Anu and Donna are founders of River River, a literary journal, writing community, and more. It's been such a pleasure to reconnect with Donna, an old college friend. We lost touch after our children were born, but then found each other again when she and I were both published in the same journal.
Came across an unexpected reference to my past in a book I am reading for work. A name leaps from the white page and transports —
How unnerving that time can shift like that.
Writing is slow, slow, but an occasional line or phrase that even if useless in itself as a line, provides a point of departure:
One comes to love, inexplicably, the places they first found love.

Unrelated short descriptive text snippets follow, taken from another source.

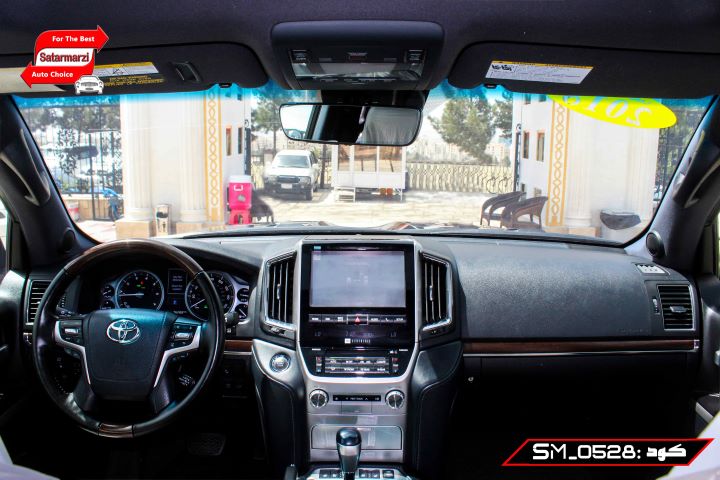 7 Toyota Land Cruiser ( VX.R ) 2018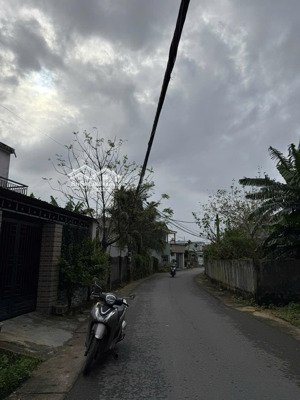 bán gấp đất đường nhựa hòa phước, hòa vang 100m2 cách ql1a 800m giá 2 tỷ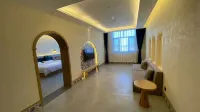 Grand Hotel Pamir, Krakow Hotel di Artux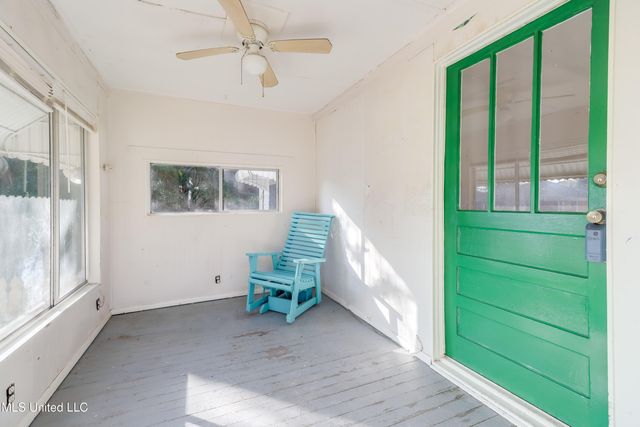 1054 Columbus Street, Biloxi, MS 39530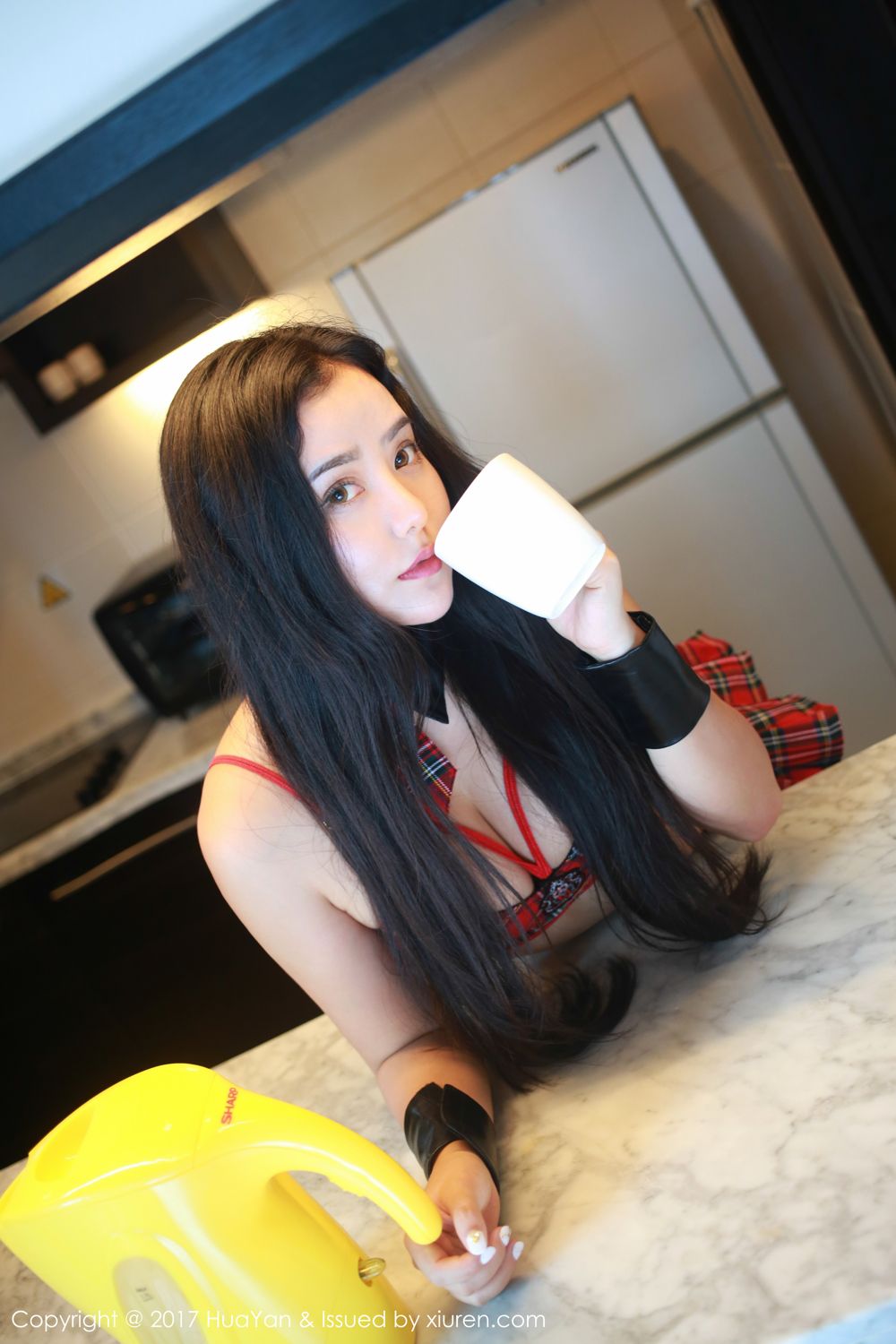 《秀人网 汤曼玲(玛鲁娜) 制服写真 VOL.032》第45张,模特汤曼玲(玛鲁娜),秀人网,制服主题,全套50张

Carried all morning like a koan.
The morning’s labors: meditation on train stations as sites of desire.
Emerging from a few immobilizing doubt-filled days. Circling the fallow ground.
On the one hand: I am too attentive to the moment-by-moment shifts in my own mind. On the other: my own mind is locked cabinet.

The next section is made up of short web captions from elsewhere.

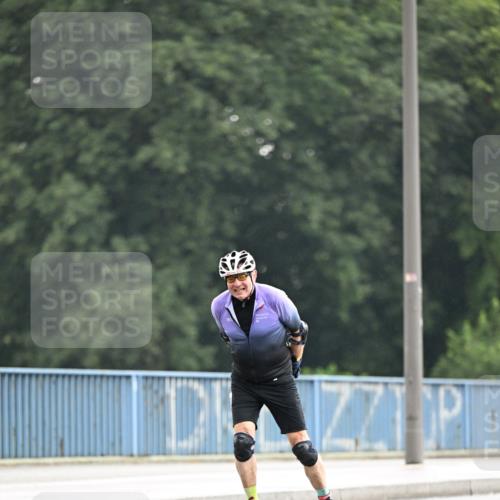 30.06.2024 - hella hamburg halbmarathon Dr. Thomas Lammeyer http://msf.ph/oto/6404576 30.06.2024 09:00:26 Kennedybrücke  meine-sportfotos.de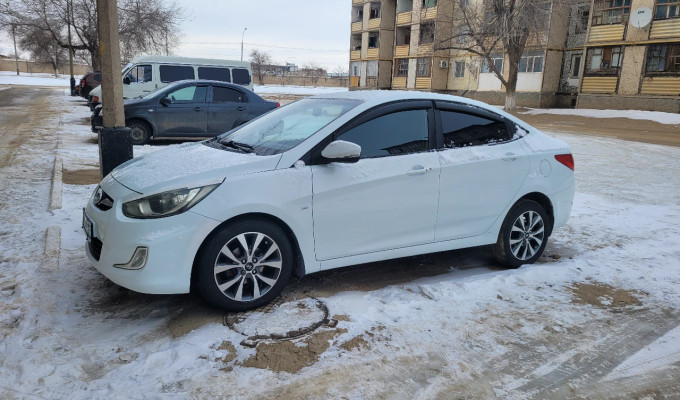 Hyundai Accent 2011 года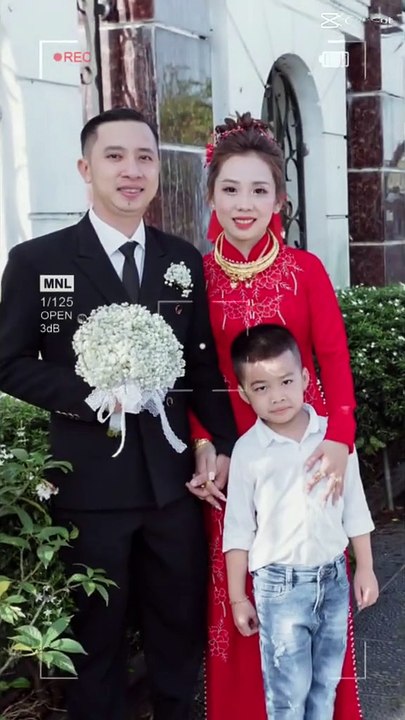 Hình ảnh con trai 6 tuổi vui mừng theo mẹ về nhà chồng trong ngày tái hôn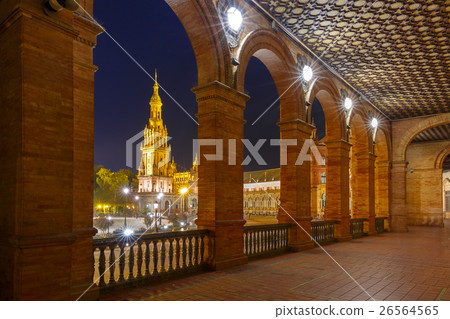 Plaza de Espana at night in Seville, Spain Plaza de Espana at night in Seville, Spain 26564565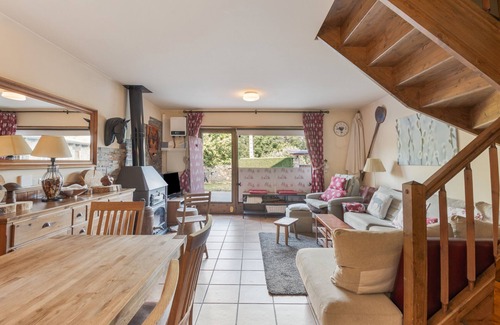 Bellver de Cerdanya House | Holiday Home 'Vall Bellver' with Mountain View, Private Terrace and Wi-Fi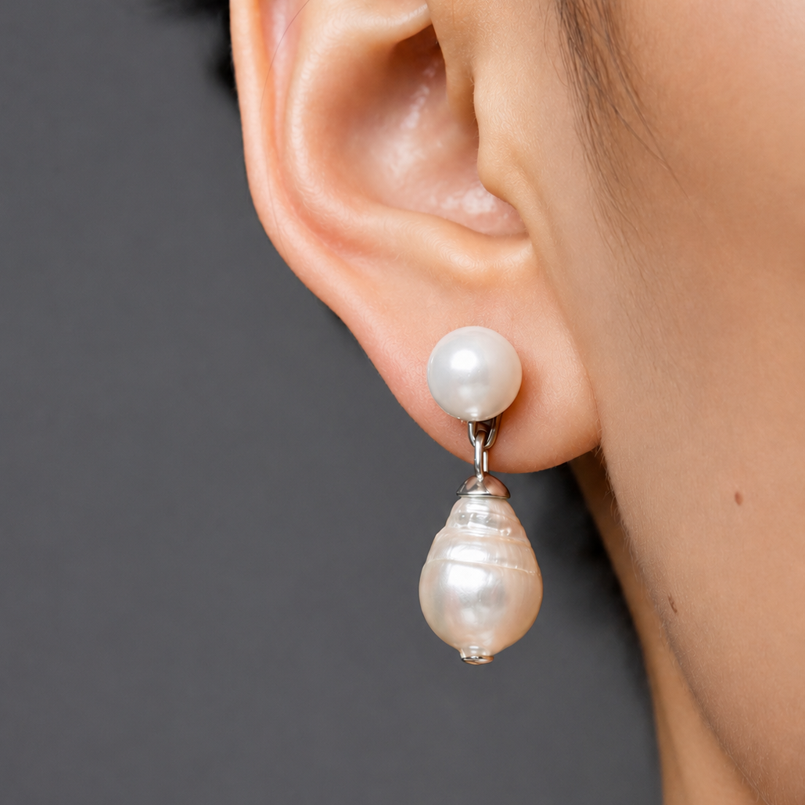 Classic Pearl Earring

From my notes, from the news: A litter of kittens taped into a cardbox box and buried.
From the news: The body of a Georgia man who was found dead, rolled up in a gymnasium mat, exhumed for the second time.
The morning’s (other) labors:
I am here to be with my father. The father I barely know. I get up early. Run through the village and down by the quarry. He sleeps. His wife boils water in an ancient kettle, stirs coffee powder into it. I don’t know how long I will stay.

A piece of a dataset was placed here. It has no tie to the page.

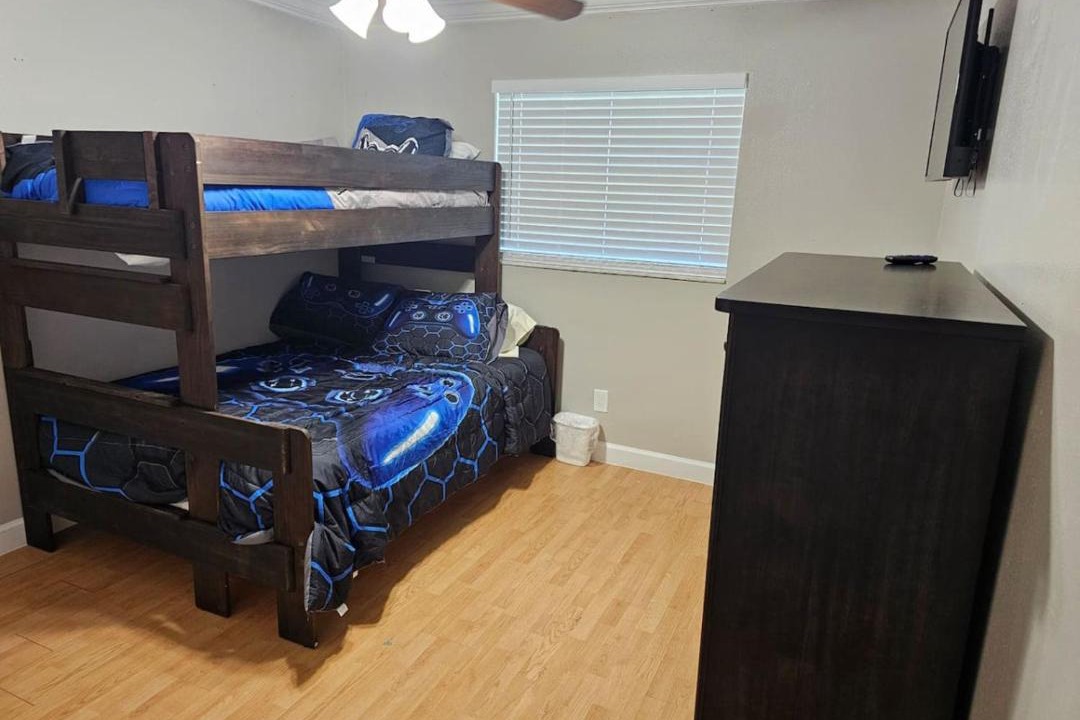 Photo of Bedroom in Lehigh Acres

We fight about the weather. “I wouldn’t call that a light rain,” he says.
At night, he takes me down to the tavern where his friends gather around a table in the back. They drink, play cards, tell stories about the war. Sometimes I stay. Sometimes, I take a stool at the bar instead. There’s always a pile of old newspapers and magazines and I scan through them idly while Kit, behind the bar, pours the gin.
In the news: a box of kittens taped into a cardbox box and buried. A kid walking through the woods heard mewling. I’m languishing here, but I am not yet ready to leave.
After seeing the Dutch film The Vanishing a few years ago, I have become aware of an intense fear of being buried alive. I suppose the fear has always been there, but the film’s final scenes gave my fear specificity and detail. I tell this to a friend one morning as we ride the train to New York. I tell her that for reasons that I cannot quite articulate, I find that knowing this is among the most common phobias oddly comforting. As if to suggest it is not unreasonable for me to feel panic when I think of it (which is perhaps, more often than I’d care to admit).
This morning, I wake from a dream where I am witness to a woman being tied to the side of a train car. I don’t know why, or what I have to do with it. There’s a cartoonish sense to the scene and I wake just as in the dream I am walking away.
I have always said I am afraid of heights and I believe this to be true, although I have not had occasion to test this out in some time. Aside from the fear of being buried alive (specifically in a coffin or box), I don’t think of myself as particularly afraid of small spaces. I have, a few times, caught myself in behaviors that might suggest compulsivity. I often find myself doing things and not knowing exactly why.
I remember an essay I read years ago about a woman who moves to New York and experiences profound loneliness. She goes on to detail the harmful effects that sustained loneliness can have on the body and on the mind. She suggests, as I recall, that pain — psychic pain — can be a call to action. In her case, she moved back to England.
This is not the point of her essay, but it seems to me that there are some kinds of psychic pain that simply must be endured. I am thinking about grief. The loss of a loved one. I don’t know that there is much to be done in response, save perhaps the typical platitudes — take a walk, write in a journal, etc. I would like there to be actions to take. To change the situation. To (metaphorically at least) move back to England.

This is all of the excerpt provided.